SQL Server 2005
Partition
ed Tables and Indexes

Author: Kimberly L. Tripp, Founder, SQLskills.com

Summary: Although partitioning tables and indexes has always been a design tactic chosen to improve performance and manageability in larger databases, Microsoft SQL Server 2005 has new features that simplify the design. This whitepaper describes the logical progression from manually partitioning data by creating your own tables to the preliminary features, which enabled partitioning through views in SQL Server 7.0 and SQL Server 2000, to the true partitioned table features available in SQL Server 2005. In SQL Server 2005, the new table-based partitioning features significantly simplify design and administration of partitioned tables while continuing to improve performance. The paper's primary focus is to detail and document partitioning within SQL Server 2005 – giving you an understanding of why, when and how to use partitioned tables for the greatest benefit in your VLDB (Very Large Database). Although primarily a VLDB design strategy, not all databases start out large. SQL Server 2005 provides flexibility and performance while significantly simplifying the creation and maintenance of partitioned tables. Review this document to get detailed information about why you should consider partitioned tables, what they can offer and finally how to design, implement, and maintain partitioned tables.

Scripts from this Whitepaper:

The scripts and examples used in the code samples for this whitepaper can be found in the SQLServer2005PartitionedTables.zip file.


Why do you need Partitioning?

Before one can talk about how to implement partitioning and the features of partitioning one must first understand the need; what are partitions and why might someone consider using them? When you create tables, you design those tables to store information about an entity – i.e. customers or sales. Each table should have attributes that describe only that entity and for customers and sales the historical premise is that all of your customers and all of your sales go into their respective tables. While a single table for each entity is the easiest to design and understand, it may not be the best for performance, scalability and manageability especially as the table grows large. Partitioning can provide benefits for both large tables (and/or their indexes) and tables which have varying access patterns. More specifically, through partitioning practices large tables have better scalability and manageability and the use of tables that have changing data is simplified when adding or deleting large "chunks" (or ranges) of data.

 

So what constitutes a large table? The idea of VLDB (Very Large Database) is that the total size of the database is measured in hundreds of gigabytes or even terabytes but the term does not necessarily specify individual table sizes. A large table is one that does not perform as desired or one where the maintenance costs have gone beyond pre-defined maintenance periods. Furthermore, a table can be considered large if one user’s activities significantly affect another or if maintenance operations affect other user’s abilities. In effect, this even limits availability. Even though the server is available, how can you consider your database available when the sales table’s performance is severely degraded or even inaccessible during maintenance for 2 hours per day, per week, or even per month? In some cases, periodic downtime is acceptable yet it is often possible to avoid or minimize downtime through better design.

 

A table whose access patterns vary may also be considered large when sets (or ranges) of rows have very different usage patterns.
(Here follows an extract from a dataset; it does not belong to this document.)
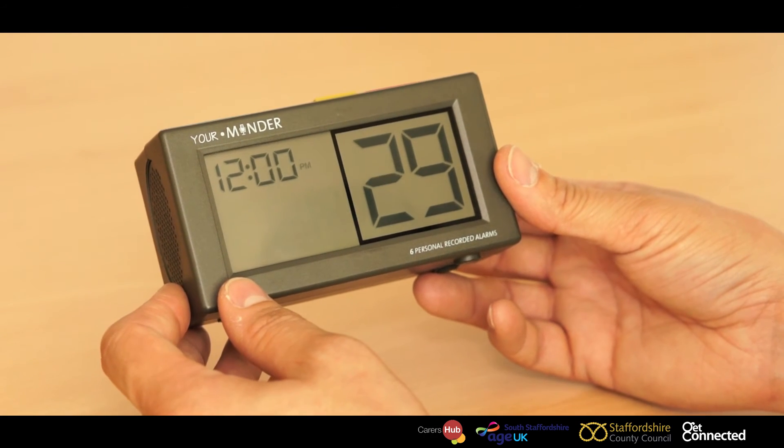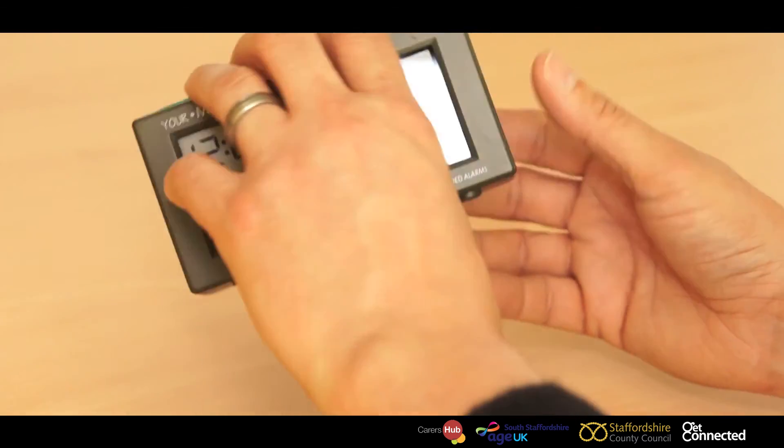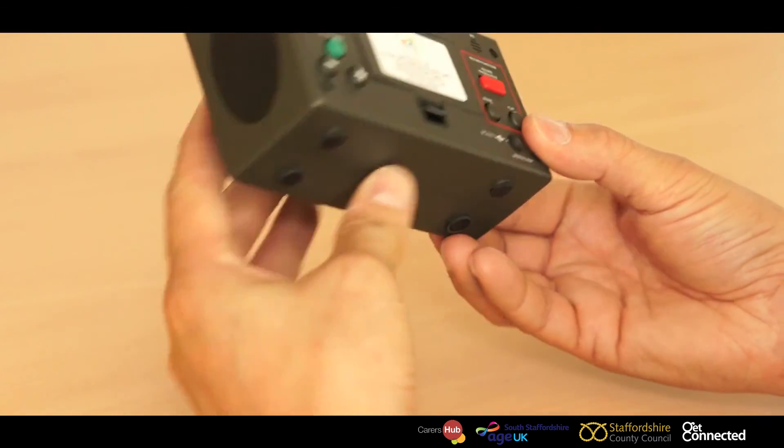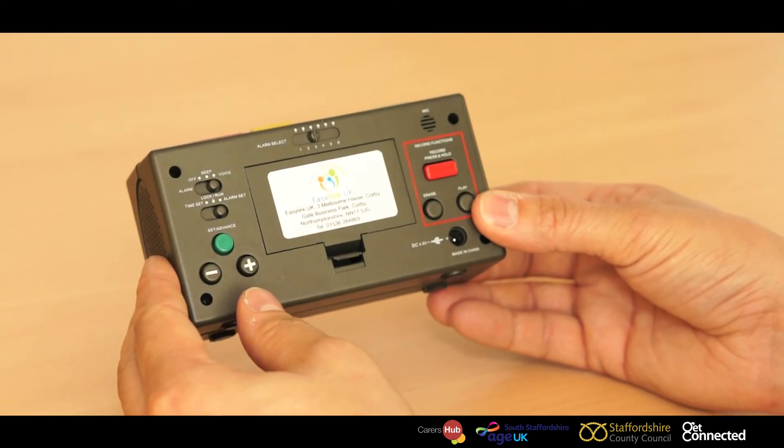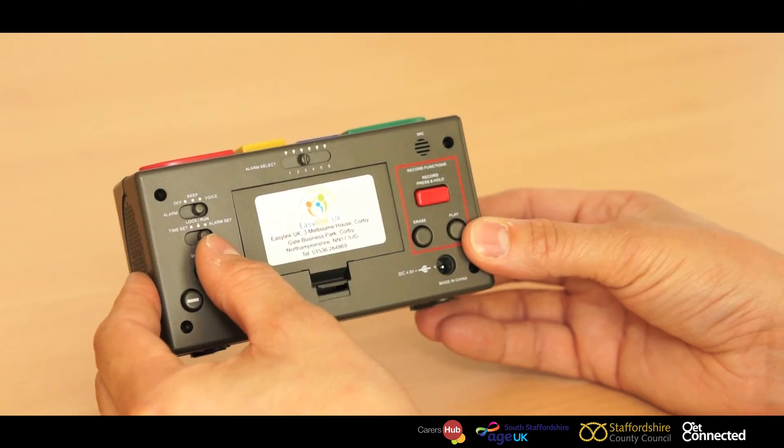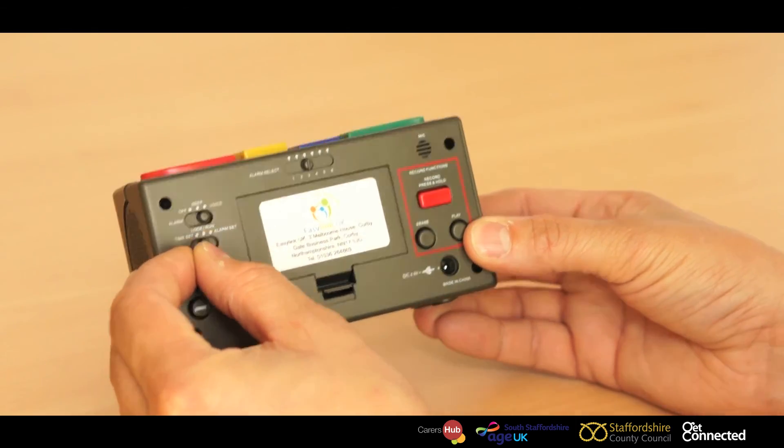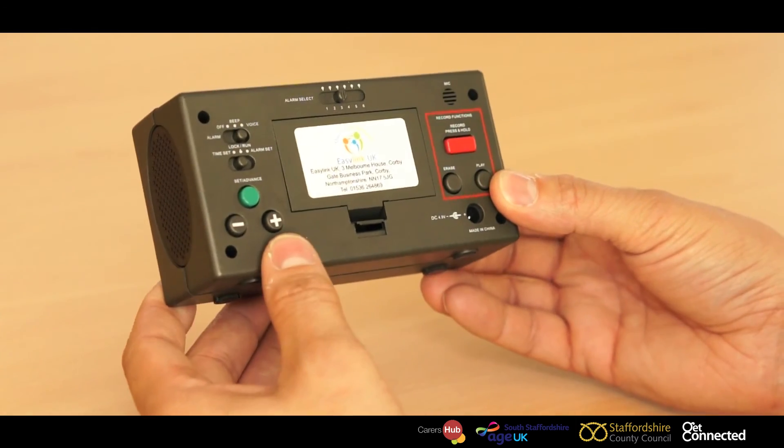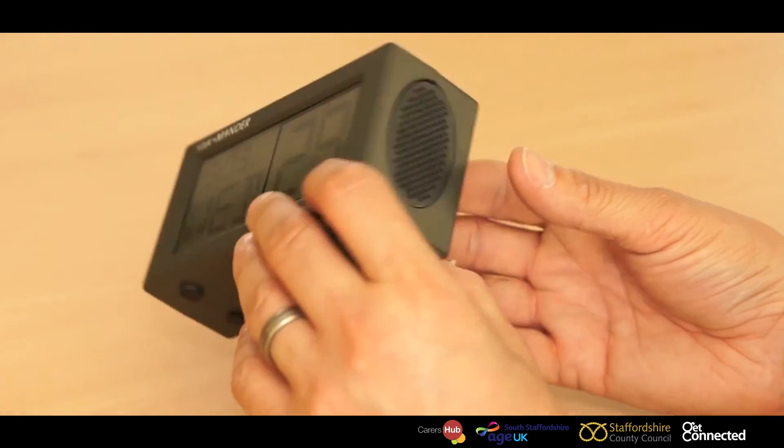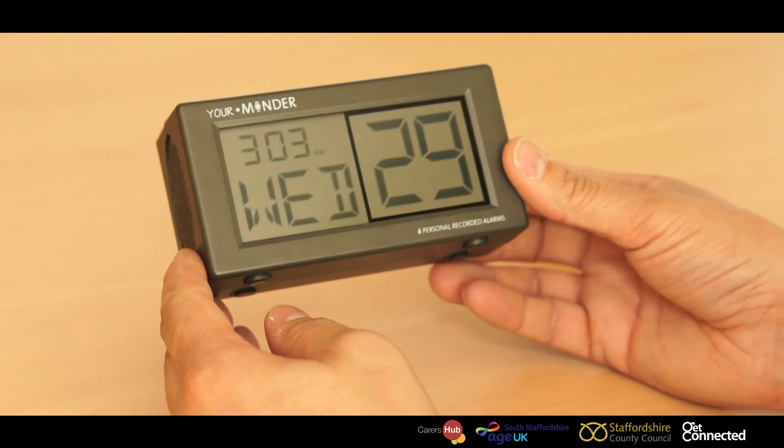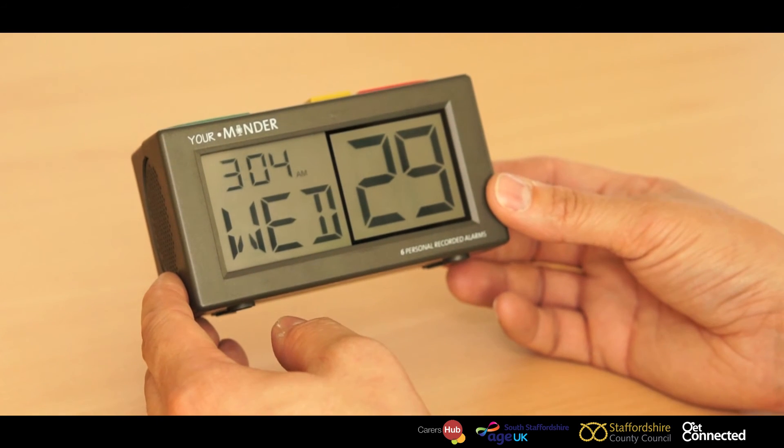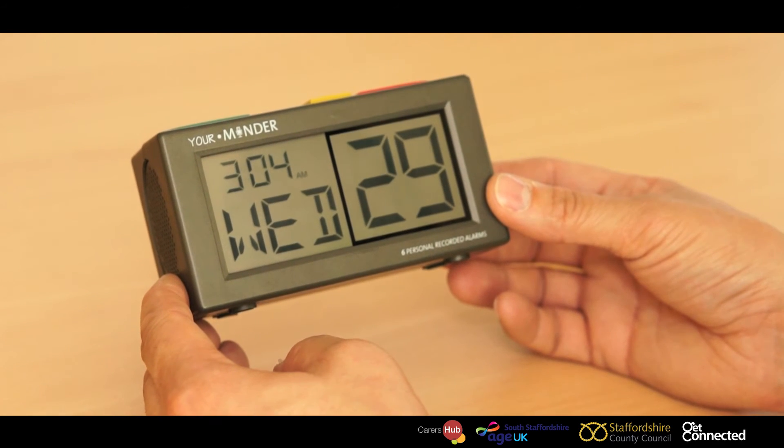Once you're happy that the alarm is set, turn the your minder around and move the switch again into the lock position and now that alert or alarm prompt is now stored and set on the your minder.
Although usages patterns may not always vary (and this is not a requirement for partitioning), when usage patterns do vary there can be additional gains. Again, thinking in terms of sales, the current month's data is read-write while the previous month's data (and often the larger part of the table) is read-only. Large tables where the data usage varies or large tables where the maintenance overhead is overwhelming can limit the table's ability to respond to varied user requests, in turn limiting both availability and scalability. Moreover, especially when large sets of data are being used in different ways maintenance operations can end up routinely maintaining static data. Performing maintenance operations on data which does not truly need it – is costly. The costs can be seen in performance problems, blocking problems, backups (space, time and operational costs) as well as negatively impacting the overall scalability of the server.

 

Furthermore, if a large table exists on a system with multiple CPUs, partitioning the table can lead to better performance through parallel operations. Large-scale operations across extremely large data sets – typically many million rows – can benefit by performing multiple operations against individual subsets in parallel. A simple example of performance gains over partitions can be seen in previous releases with aggregations. For example, instead of aggregating a single large table, SQL Server can work on partitions independently and then aggregate the aggregates. In SQL Server 2005, joins can benefit directly from partitioning; SQL Server 2000 supported parallel join operations on subsets yet needed to create the subsets on the fly. In SQL Server 2005, related tables (i.e. Order and OrderDetails) that are partitioned to the same partitioning key and the same partitioning function are said to be aligned. When the optimizer detects that two partitioned and aligned tables are joined, SQL Server 2005 can choose to join the data which resides on the same partitions first and then combine the results. This allows SQL Server 2005 to more effectively use multiple-CPU machines.

 

So how can partitioning help? Where tables and indexes become very large, partitioning can help by splitting large amounts of data into smaller more manageable chunks (i.e. partitions). The type of partitioning described in this paper is termed horizontal partitioning. With horizontal partitioning, large chunks of rows will be stored in multiple separate partitions. The definition of the partitioned set is customized, defined, and managed – by your needs. Partitioning in SQL Server 2005 allows you to partition your tables based on specific data usage patterns using defined ranges. Finally, SQL Server 2005 offers numerous options for the long-term management of partitioned tables and indexes by adding complementary features designed around the new table and index structure.

 

The History of Partitioning

The concept of partitioning is not new to SQL Server. In fact, forms of partitioning have been possible in every release. However, without features to aid in creating and maintaining your partitioning scheme, partitioning has often been cumbersome and underutilized. Typically, the design is misunderstood by users and developers and the benefits are diminished. However, because of the significant performance gains inherent in the concept, SQL Server 7.0 began improving the features enabling forms of partitioning through partitioned views and SQL Server 2005 now offers the largest advances through partitioned tables.

 

Partitioning Objects manually in releases before SQL Server 7.0

In SQL Server 6.5 and earlier, partitioning had to be part of your design as well as built into all of your data access coding and querying practices. By creating multiple tables and then managing access to the correct tables through stored procedures, views or client applications you could often improve performance for some operations but at the cost of complexity of design. Each user and developer needed to be aware of and properly reference the correct tables. Each partition was created and managed separately and views were used to simplify access; however, this solution yielded few performance gains. When a UNIONed view existed to simplify user/application access, the query processor had to access every underlying table in order to determine if data was needed for the result-set. If only a limited subset of those underlying tables was needed, then each user and developer needed to know the design in order to reference only the appropriate table(s).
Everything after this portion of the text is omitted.